O dinheiro não é um ingênuo instrumento de facilitação da vida social, mas uma expressão materializada da forma valor, sem o qual o negativo mundo mercantil não poderia se desenvolver. Trata-se, sem dúvida de uma convenção social de equivalência referencial do valor de troca, mas, evidentemente, ele não é apenas isso, como costumam conceituar, de modo incompleto, muitos manuais de economia. O dinheiro é, também e principalmente, a encarnação concreta e numericamente mensurável da abstração forma-valor, sendo, pois, a mais abstrata das mercadorias, a mercadoria das mercadorias, embora possa ser tangível (caso do papel-moeda), e enquanto convenção acreditada de representação da riqueza abstrata é a única destituída de valor de uso intrínseco. Então, o dinheiro não é um mero instrumento facilitador da vida mercantil, mas a expressão da forma valor, e se a forma-valor é negativa na sua essência constitutiva, como veremos, o dinheiro, como sua expressão material e abstrata, é a personificação desse mal em si.

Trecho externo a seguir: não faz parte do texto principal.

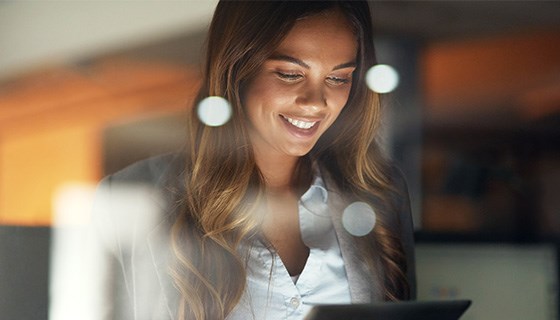 A woman looking at a tablet and smiling.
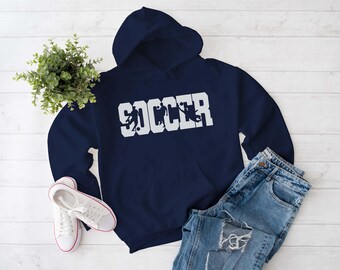 May include: A navy blue hoodie with a white graphic of football players and the word "SOCCER" printed on the front.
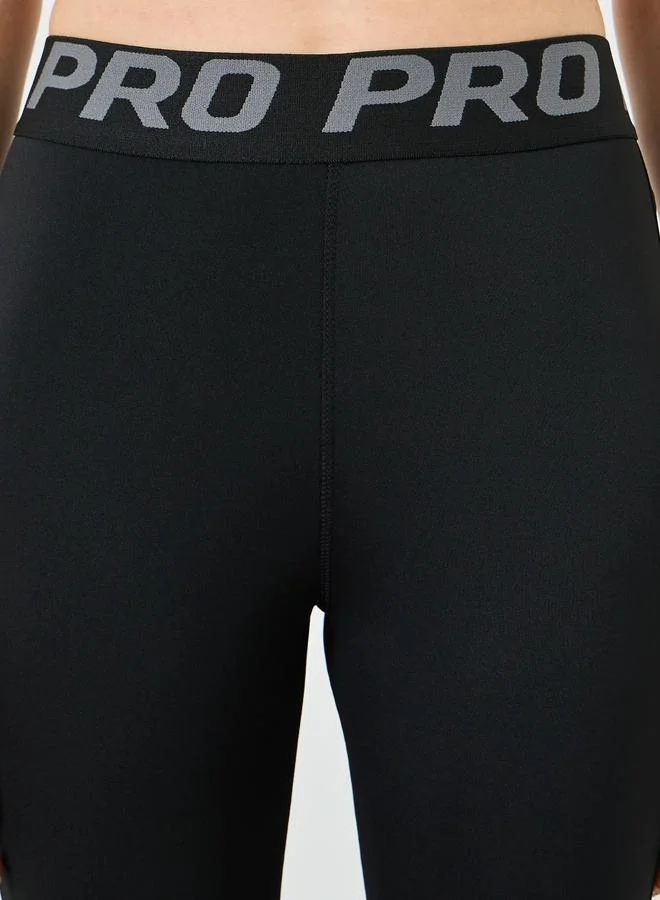 Styli Active  Text Taping Waist Side Slit Flare Leggings for Women | Best Price UAE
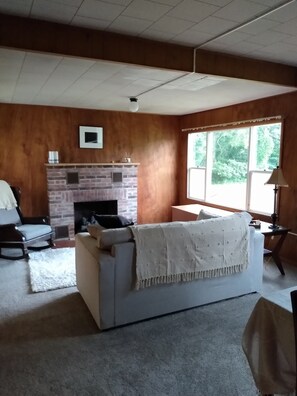 Ein Wohnzimmer mit Kamin, einer Couch, einem Sessel und einem großen Fenster.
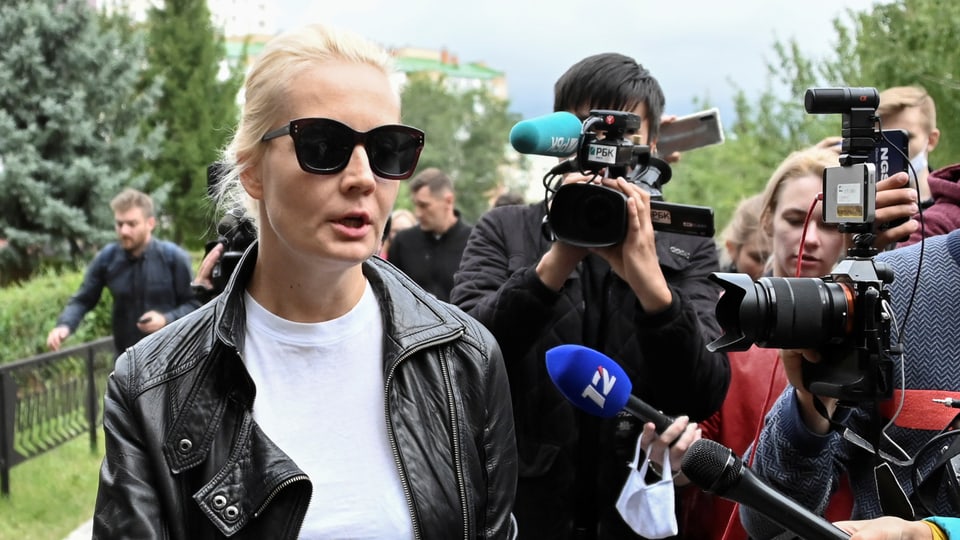 Eine Frau mit Sonnenbrille spricht zu Journalisten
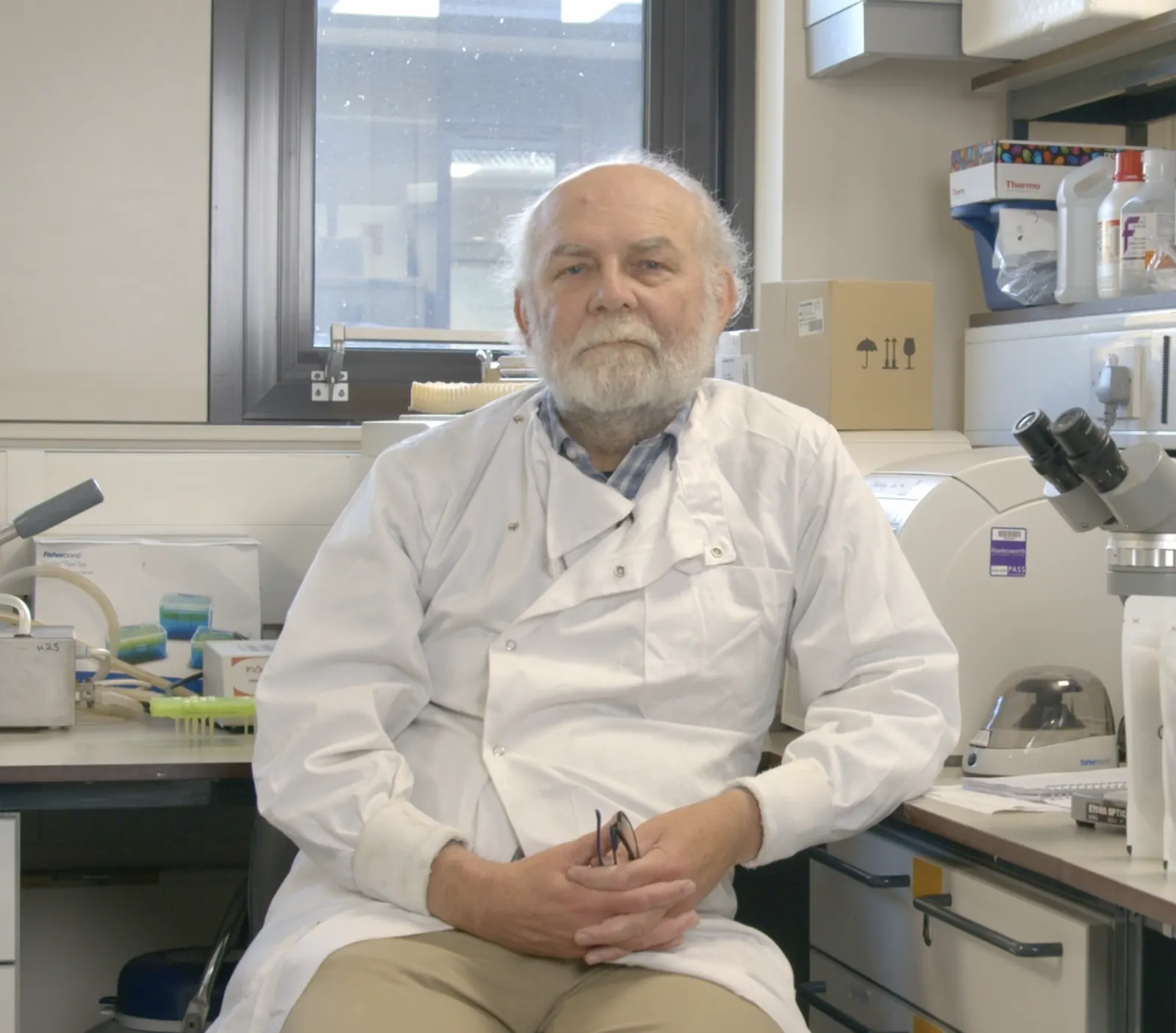 A neuroscientist in a white coat in a Durham University laboratory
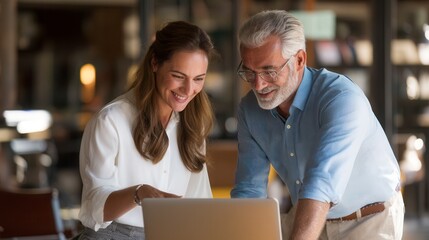 Happy caucasian female adult professional and senior male colleague smiling while looking at laptop together in modern office space, intergenerational business mentoring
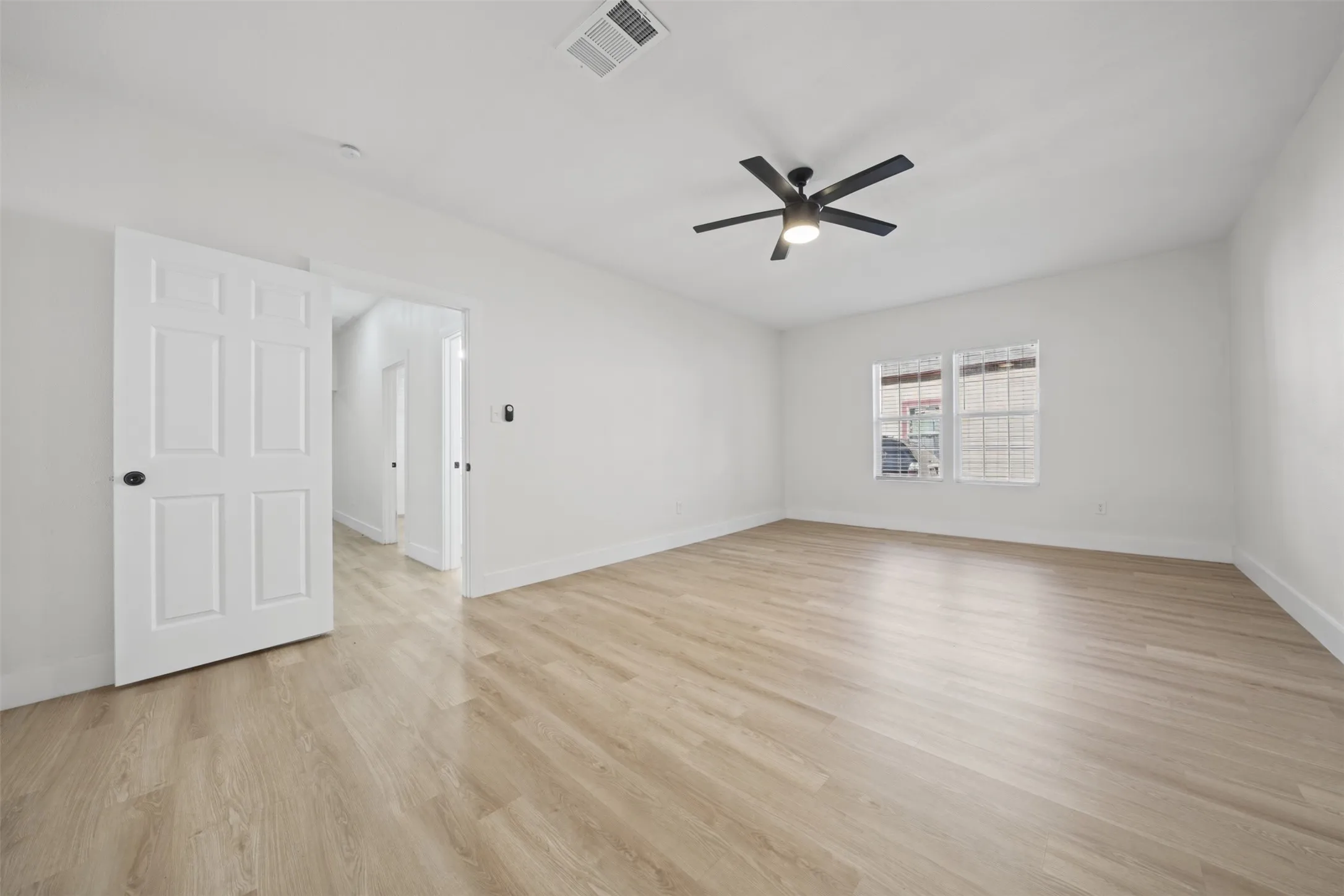 Neutral-toned wood-finish flooring, matte black ceiling fan with integrated lighting, dual windows, and white paneled interior door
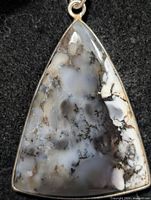 Front view of triangular dendritic agate pendant showing stone pattern and silver bezel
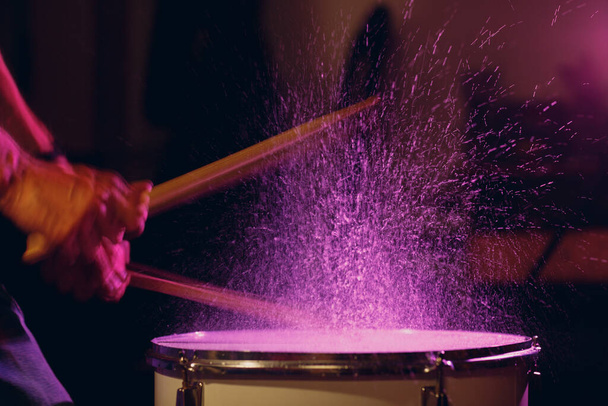 Drumstokken drumritme ritme op het trommeloppervlak met spatwaterdruppels - Foto, afbeelding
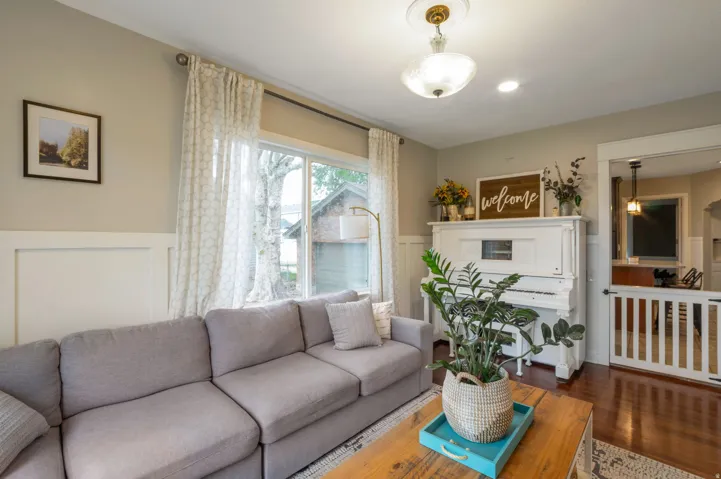 Bright living space featuring warm wood-finish flooring, wainscoting, and large windows with privacy drapes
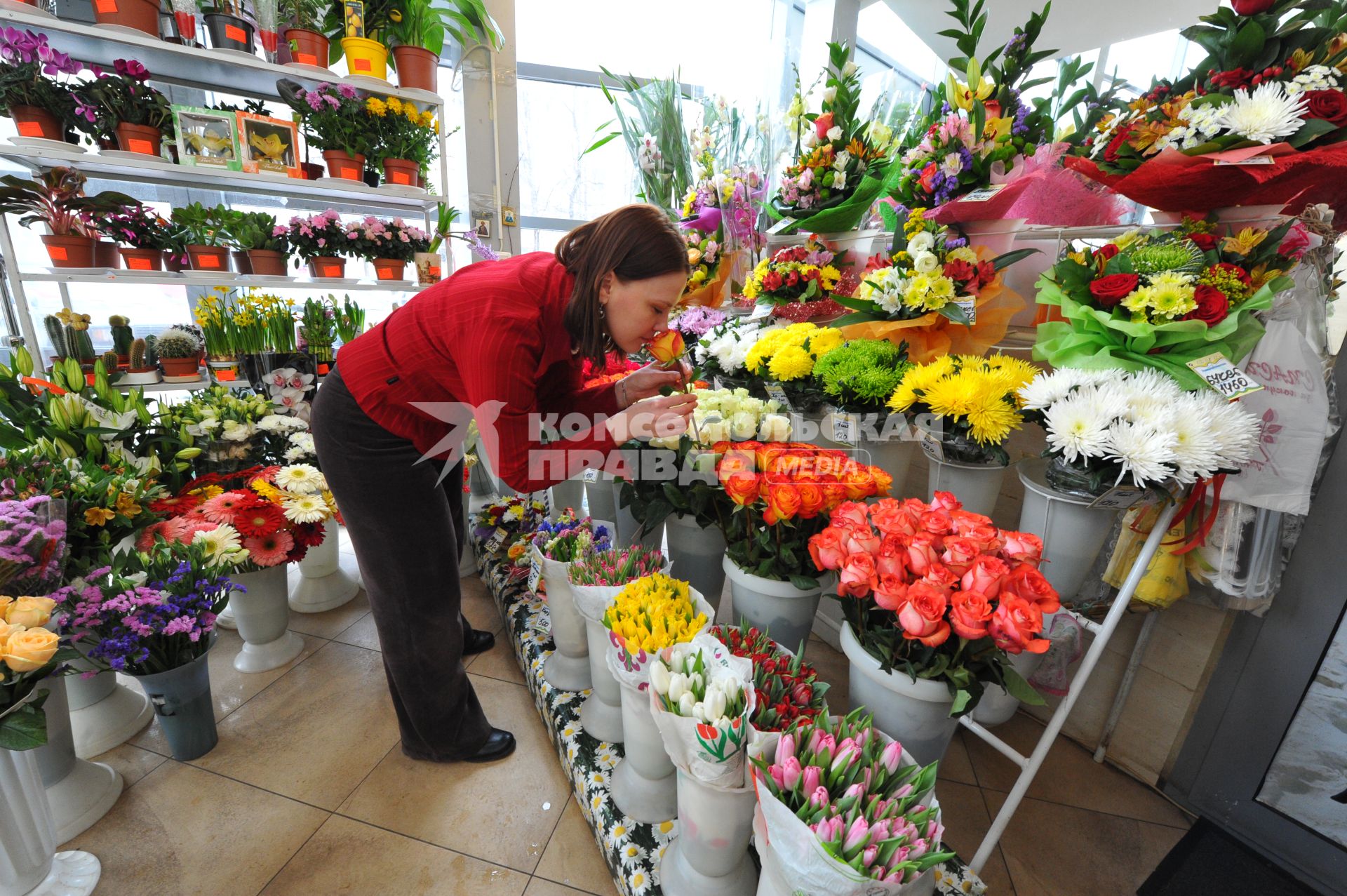 Цветочный магазин. На снимке: женщина нюхает розу.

Seria impossível o desenvolvimento da relação social sob a forma valor, expressa nas mercadorias, se não houvesse o dinheiro, uma vez que além de viabilizar as trocas de um modo abrangente, ele é capaz de cumprir uma função primordial na lógica mercantil que é a acumulação individual, socialmente segregacionista e excludente, e meramente numérica, da riqueza abstrata. Assim tudo pode ser mensurado pela forma-valor através do dinheiro, e acumulado sob essa forma. Alguém pode ter um milhão de uma moeda qualquer, que pode corresponder a quantidades enormes de determinadas mercadorias, sem precisar confiná-las, ou guardá-las, num determinado lugar. O sistema bancário, por exemplo, comumente não tem a maior parte do patrimônio representado por mercadorias tangíveis, preferindo acumular a mercadoria com a qual exerce o seu negócio - a espécie dinheiro. Entretanto, por ser uma convenção acreditada de representação da riqueza abstrata, não tendo valor de uso, obviamente que o dinheiro precisa da capacidade de reprodução aumentada e contínua do valor que representa, para se manter acreditada e válida. Esta é a razão que leva os países que sucumbem na guerra, com a falência do seu sistema produtor de mercadorias, ou ainda, os países que perdem competitividade na produção de mercadorias destinadas à corrida pela concorrência de mercado a terem as suas moedas reduzidas ao pó, no primeiro caso, e à perda de credibilidade e substância, no segundo caso.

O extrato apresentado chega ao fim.